64-bit Linux, Intel Core i5 2500K:

                                      3.2           3.3             patched

utf-8 'A'*10000 2550 (+198%) 6828 (+11%) 7607
utf-8 'A'*9999+'\x80' 2501 (+118%) 2415 (+126%) 5456
utf-8 'A'*9999+'\u0100' 2501 (-20%) 2297 (-13%) 1996
utf-8 'A'*9999+'\u8000' 2494 (-14%) 2291 (-7%) 2133
utf-8 'A'*9999+'\U00010000' 2494 (-11%) 2293 (-3%) 2219
utf-8 '\x80'*10000 422 (+135%) 517 (+92%) 991
utf-8 '\x80'+'A'*9999 2513 (+12%) 860 (+228%) 2820
utf-8 '\x80'*9999+'\u0100' 426 (+102%) 525 (+64%) 862
utf-8 '\x80'*9999+'\u8000' 426 (+104%) 538 (+62%) 871
utf-8 '\x80'*9999+'\U00010000' 428 (+105%) 523 (+68%) 878
utf-8 '\u0100'*10000 425 (+140%) 517 (+97%) 1019
utf-8 '\u0100'+'A'*9999 2488 (+2%) 820 (+211%) 2549
utf-8 '\u0100'+'\x80'*9999 426 (+139%) 517 (+97%) 1019
utf-8 '\u0100'*9999+'\u8000' 426 (+139%) 529 (+93%) 1019
utf-8 '\u0100'*9999+'\U00010000' 426 (+106%) 509 (+72%) 876
utf-8 '\u8000'*10000 573 (+28%) 490 (+50%) 733
utf-8 '\u8000'+'A'*9999 2500 (+1%) 822 (+208%) 2528
utf-8 '\u8000'+'\x80'*9999 426 (+139%) 530 (+92%) 1018
utf-8 '\u8000'+'\u0100'*9999 428 (+138%) 509 (+100%) 1018
utf-8 '\u8000'*9999+'\U00010000' 573 (+17%) 447 (+51%) 673
utf-8 '\U00010000'*10000 562 (+24%) 552 (+26%) 696
utf-8 '\U00010000'+'A'*9999 2512 (+3%) 939 (+175%) 2584
utf-8 '\U00010000'+'\x80'*9999 423 (+140%) 553 (+84%) 1017
utf-8 '\U00010000'+'\u0100'*9999 426 (+139%) 549 (+85%) 1017
utf-8 '\U00010000'+'\u8000'*9999 572 (+18%) 479 (+41%) 674

serhiy-storchaka · 2012-05-06T21:48:11Z

Thank your, Antoine. Finally Intel Core is defeated!

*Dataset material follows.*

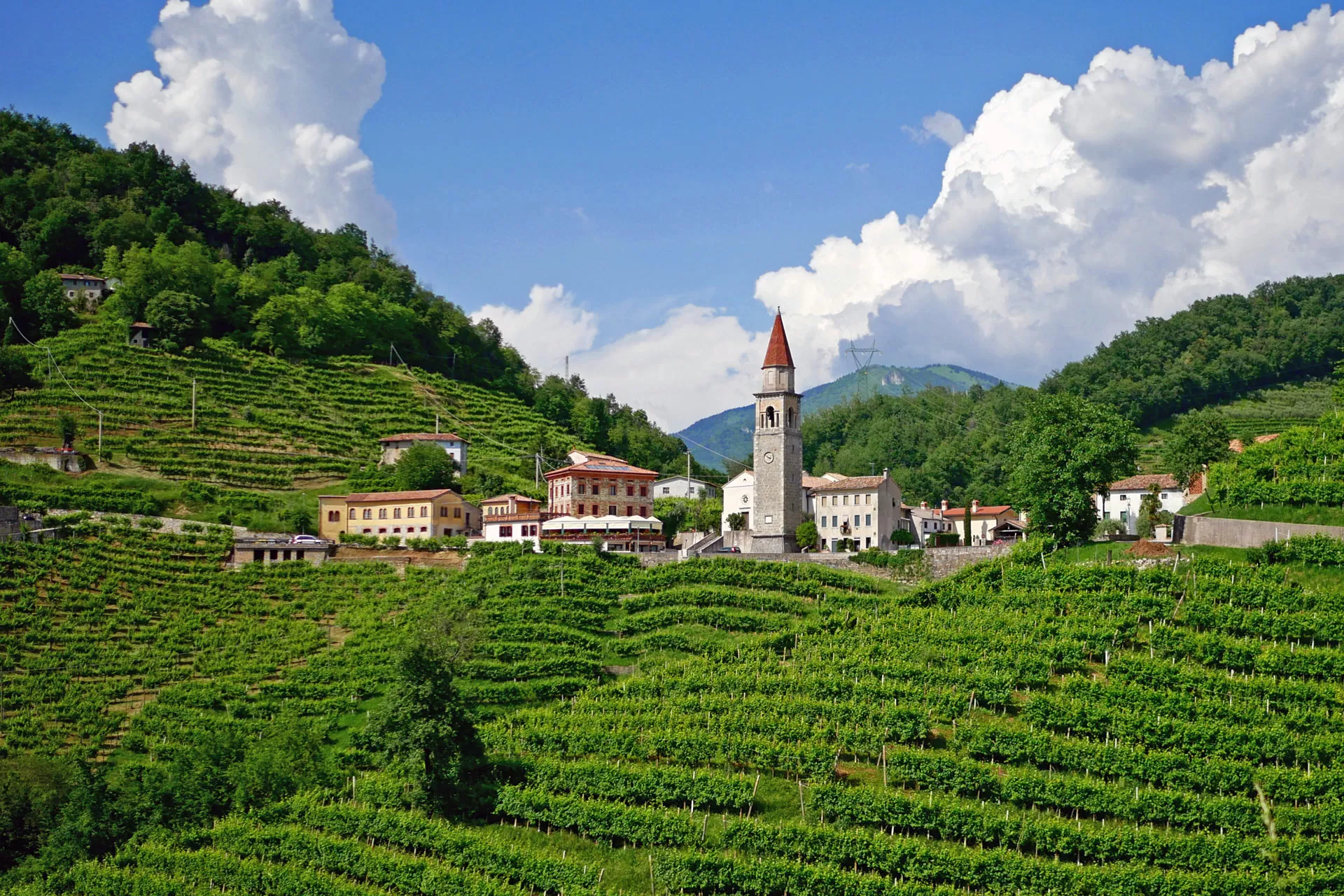 VALPOLICELLA VALLEY TOUR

If someone wants to repeat tests, see benchmark tools in bpo-14624.

serhiy-storchaka · 2012-05-06T22:11:07Z

The patch updated in accordance with Antoine cosmetic comments.

pitrou · 2012-05-09T16:50:51Z

There's a Mac-specific portion in the patch, it would be nice if someone could check that it works.

serhiy-storchaka · 2012-05-09T18:05:09Z

It would be good if someone checked on Macs work with command line arguments, including non-valid utf8. The difficulty is that you need to check on both Macs with 16-bit and with 32-bit wchar_t.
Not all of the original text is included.